Some software-based RAID solutions support disk duplexing, a form of mirroring (RAID 1) using redundant controllers where each disk drive is attached to a separate controller, thereby eliminating the controller as the single point of failure. The hardware-based RAID equivalent solution is called active-active controller failover, available only on more expensive, high-end external RAID controllers such as Data General's CLARiiON series.

Server redundancy is most cost-effectively achieved through clustering, such as that offered on Microsoft's Windows NT Server 4.0 Enterprise Edition or many Unix and mainframe computer systems. With clustering, multiple servers access the same storage. In the event of a server failure, data on the disk drives can still be accessed using other servers in the cluster. Hardware-based external RAID controllers are typically used to provide RAID protection for the disk drives in a clustered environment.

In very high end mission-critical applications, remote mirroring (RAID 1) software such that offered by Compaq/Digital's OpenVMS is employed to mirror data to a remote site for disaster protection. Such configurations are very expensive, because the entire server configuration is duplicated at an offsite location.

As defined here, serviceability means in the event of a failure, how fast and easy is it to detect and isolate the failure, repair or replace the failed component, and reset the application or operating system. Serviceability also includes preventive maintenance features that help you monitor and replace marginal components before they fail.

S.M.A.R.T. and SAF-TE are two standards that have emerged in recent years that should be employed on any serious RAID implementation. Configurations supporting the S.M.A.R.T. (Self Monitoring, Analysis and Reporting Technology) standard monitor disk drives and report any out-of-threshold conditions that may signify a potential failure to the array card or server management software, permitting you to replace the drive before it fails. Configurations supporting SAF-TE (SCSI Accessed Fault-Tolerant Enclosure) monitor and report enclosure conditions to array or server management software, assisting in alerting and isolating enclosure-related failures.

In either case, you need to check that not only the disk drives are S.M.A.R.T.-compliant or enclosure is SAF-TE-compliant, but also that the RAID card's management software and operating system support these standards. Many software- and hardware-based RAID solutions support S.M.A.R.T. and SAF-TE. However, just as there are many different vendor implementations of SCSI drives, there are many different implementations of SAF-TE enclosures, all of which need to be tested for compatibility to ensure that enclosure-related events are properly reported and interpreted by the card and RAID management software.

With Microsoft NT software-based RAID, drive and enclosure events are reported via SNMP to the general management log, a log that contains storage- as well as server- and network-related events. The system manager can then employ a filter to view only storage-related events. Each storage installation can only be monitored locally on each server, so the system manager must physically "make the rounds" to monitor each RAID installation.

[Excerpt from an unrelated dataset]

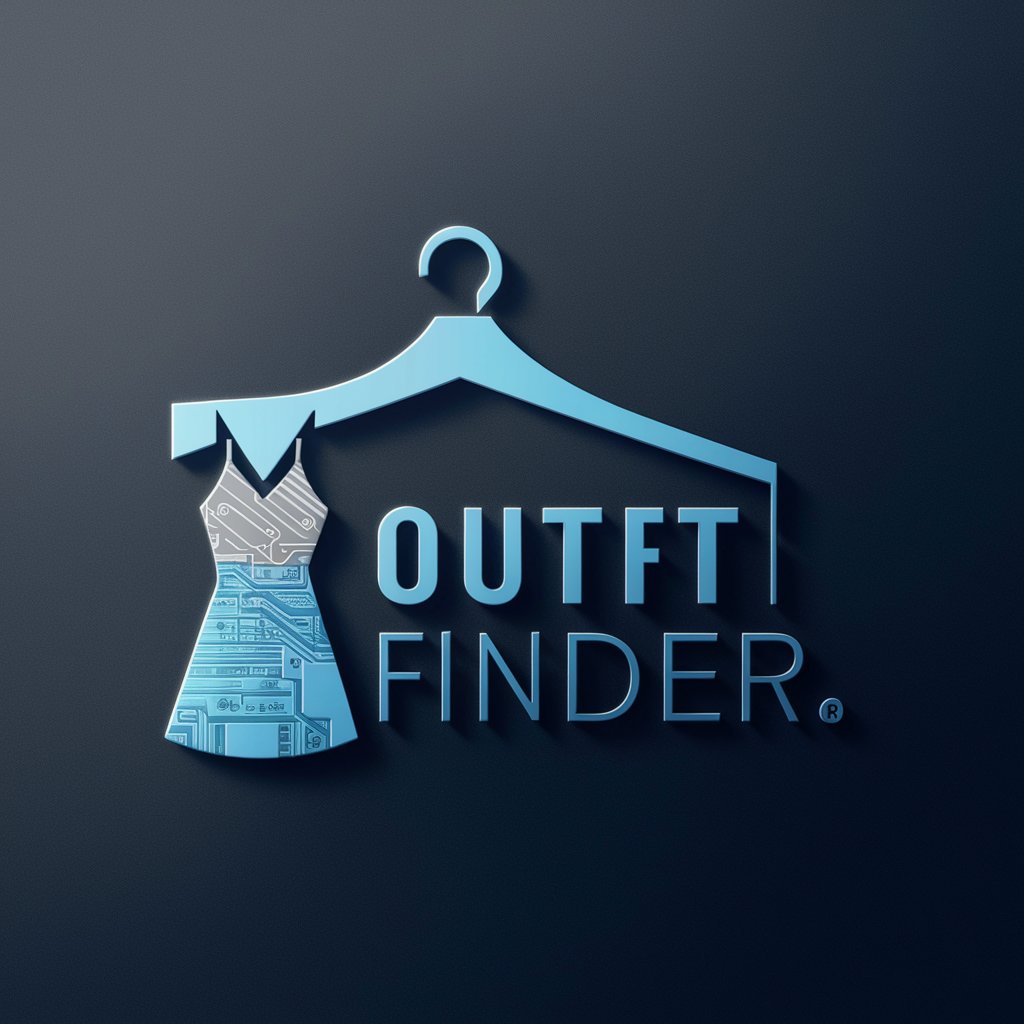 Outfit Finder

Many hardware-based RAID solutions offer RAID management software specifically designed not only to configure and manage RAID arrays but also to report storage-related events. The more sophisticated of these RAID management software packages categorize errors and events by severity, such as color-coded alerts highlighted in yellow for a potential problem and red for an actual component failure. Some even e-mail, fax or page the system manager in the event of alerts requiring immediate attention, greatly increasing the system manager's ability to detect problems and decrease the time it takes to bring the storage subsystem back up to full operational capability. Others allow you to manage, monitor and in some instances repair all hardware-based RAID installations from a single station, even remotely.